From:	CSBVAX::MRGATE!NED%YMIR.BITNET@CUNYVM.CUNY.EDU@SMTP 17-JAN-1988 01:18
To:	ARISIA::EVERHART
Subj:	Microcode problem on 8600 processors


Received: from CUNYVM.CUNY.EDU by KL.SRI.COM with TCP; Sat 16 Jan 88 21:36:54-PST
Received: from YMIR.BITNET by CUNYVM.CUNY.EDU ; Sun, 17 Jan 88 00:36:44 EST
Date: Sat, 16 Jan 88 21:35 PST
From: Ned Freed <NED%YMIR.BITNET@CUNYVM.CUNY.EDU>
Subject: Microcode problem on 8600 processors
To: info-vax@kl.sri.com
X-VMS-To: IN%"info-vax@kl.sri.com"

Recently I found a microcode bug on our VAX 8600. When we reported it to DEC
they provided us with a microcode update that fixed the problem immediately.
This bug is not especially esoteric, as the following example MACRO program
shows:

        .entry start,^m<r2,r3>

        movl    first,-(sp)
        movl    second,r0
        mulf2   r0,(sp)
        movl    (sp)+,r0
        ret

first:  .float  1.0e-14
second: .float  1.0e-27

        .end    start

The operation performed by the program is quite simple. One small floating
point value is loaded onto the stack and another is loaded into R0. These two
values are then multiplied with the result stored on the stack. This operation
will underflow so the result should be 0. This result is then popped off the
stack into R0 and the program returns. The net result should then be a
"NONAME-W-NOMSG, Message number 000000" message reported as the program exits.
And yes indeed, the program does just this on the VAX-11/750, the uVAX-II and
the VAX 8700.

But not on our 8600. On our 8600 the program returns a status value of 1 and
not 0! If you carefully single step the program in the debugger the reason for
this will become clear -- for some reason the "mulf2 r0,(sp)" instruction
DECREMENTS the stack pointer by 4. Thus you end up picking up some random
value off the stack that turns out to be a 1.

This problem has been verified on two different 8600s at different sites, both
under DEC maintenance, so don't assume that YOUR microcode is up to date.

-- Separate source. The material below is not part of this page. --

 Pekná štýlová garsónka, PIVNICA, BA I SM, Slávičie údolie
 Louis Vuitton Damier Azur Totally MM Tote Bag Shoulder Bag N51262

Our
8600 recently had a whole slew of hardware problems and almost every part of it
was replaced and checked, but the microcode was not updated until I found this
problem.

Here are a few additional technical points:

(1) Almost ANY change to the program will cause the problem to go away. For
    example, everything works fine if you add a "nop" just after the "mulf2", or
    remove the "movl (sp)+,r0", or do almost anything else.

(2) The problem appears not to be sensitive to the floating point values
    involved; anything that causes an underflow will cause the problem. The
    program works properly if the multiply does not underflow.

(3) The problem does not appear to exist when using floating point types other
    than F_floating.

(4) Despite the clear indications that the error has something to do with
    the handling of floating underflow in the 8600 pipeline, the error does
    manifest itself even when single stepping in the debugger. I think this
    is especially strange.

(5) I have not tried this program on an 8650, and I would be very interested
    to find out if this problem exists on that CPU. In fact, I would appreciate
    receiving reports of the results people get when they run this program on
    their systems, regardless of what type of CPU they have.

This hardware error has been plaguing our local software for more than two
years, causing a whole series of access violations and divide by zero errors. I
have been looking for the cause off and on for quite a while, but it just
didn't occur to me that a microcode bug could be to blame!

I am somewhat upset that DEC knew about this problem and didn't see fit to
distribute a fix for it. It is quite conceivable that this problem could
manifest itself in such a way that a program would report no obvious errors but
would return erroneous results.

                                Ned Freed
                                ned@ymir.bitnet